Just about everyone who’s been through it will tell you that on the carousel of life, your 20s will be the bumpiest, most painful and endlessly uncomfortable loops we will face.
A girlfriend of mine once described self-discovery to me as, “Embedded in heartbreak, confusion and ugly feelings,” sharing how badly she wanted to keep me from that.
However, she knew it was something I just had to experience for myself.
It was a conversation via text, and I actually saved a screenshot of her guidance on my camera roll, sneaking peeks whenever I need to be reminded that hindsight is 20/20.
Recently I’ve been in need of that reminder more often than not, and was told by another girlfriend that I could chalk it up to approaching my 25-year quarter-life crisis, an unavoidable revolution that didn’t at all surprise her.
Thank God for my girlfriends who are past their 20s. Their assurances and light-at-the-end-of-the-tunnel attitudes are appreciated.

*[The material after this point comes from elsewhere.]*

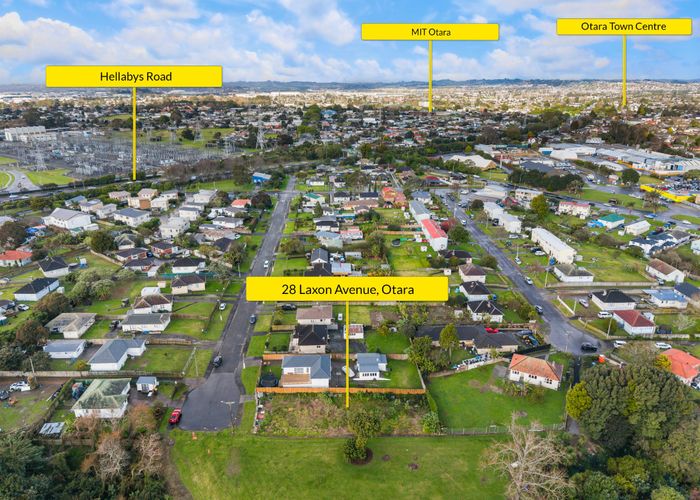  at 28 Laxon Avenue, Otara, Manukau City, Auckland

But nonetheless, the pain is real. The misconceptions, mistakes and unanswered questions are there. Half the time, I don’t know if it’s pure PMS or if I’m actually the most sensitive human being on the planet.
I question everything and read into every single word said or written in my direction. I think I need to know more in order to understand.
I worry that I’ve again managed to piss someone off, leave someone out or did the opposite and came on too strong.
Did they understand what I meant by that? Why does that make me sad? Is there something missing in my life? Am I where I’m supposed to be? Should I follow the rules or blaze my own trail?
Does anyone actually know the real me? Do I know the real me? Will any of these questions ever be answered, or will I just stop asking them?
I know I’m not the only 20-something with a brain consumed by these clichéd, philosophical, paranoid questions.
They’re the driving force behind so many of my actions — or lack thereof.
I’ve found that the only time I can really escape them is when I fully commit my mind to something else, and I know I’m not alone.
Elite Daily is essentially a beacon of hope for us 20-somethings. It's that third ibuprofen making your red wine hangover just a little more bearable.
A toolbox of sorts, full of different methods and techniques on making it through your everyday.
I’ve spent a lot of time trying to figure out why this decade is famous for its unnecessary uncertainty.
We’ve all tried rationalizing this. It’s the time to make mistakes, to find ourselves, to travel, to fall, to rise, to learn.
They are all beautiful explanations, and I’d stand by any of them. But, my personal favorite is less of a rationalization and more of an acceptance: Embrace the uncomfortable.
When I find myself lost in the whirlpool of chaos and confusion, after I’ve used every piece of advice I can possibly muster, I remember this: Embrace the uncomfortable.
There are no definitive solutions to our relationships, no shortcuts to one day feeling that sense of self-clarity.
There’s just this road, and despite it currently being windy, we’re on it. Maybe it’s the bumpiest curve, but it’s also the most exhilarating. It's the one we’ll always look back on and say, “What the hell was I doing?”
Hopefully, the fear, ambiguity and doubt will subside, but the resiliency gained will stay with us for life.
Clearly, this is not a how-to. This is more of a, “I know it sucks. I’m with you. I get it,” idea.
But we will bounce back and we will push through. And for argument's sake, throw some gratitude in those mind-boggling thoughts of yours, and decompress the pessimism every now and then.
Ultimately, we’re all just lucky to be here. So, feel all the feelings and embrace the uncomfortable.
Figure out what makes you happy versus what makes you pour that fourth glass of pinot. Unless they’re the same thing, I can dig that.
No matter what, have faith in your 30-something girlfriends who tell you yes, it is necessary.
Know that you’re not alone, and don’t be so hard on yourself. Embrace the uncomfortable questions, and find beauty in the search for their answers.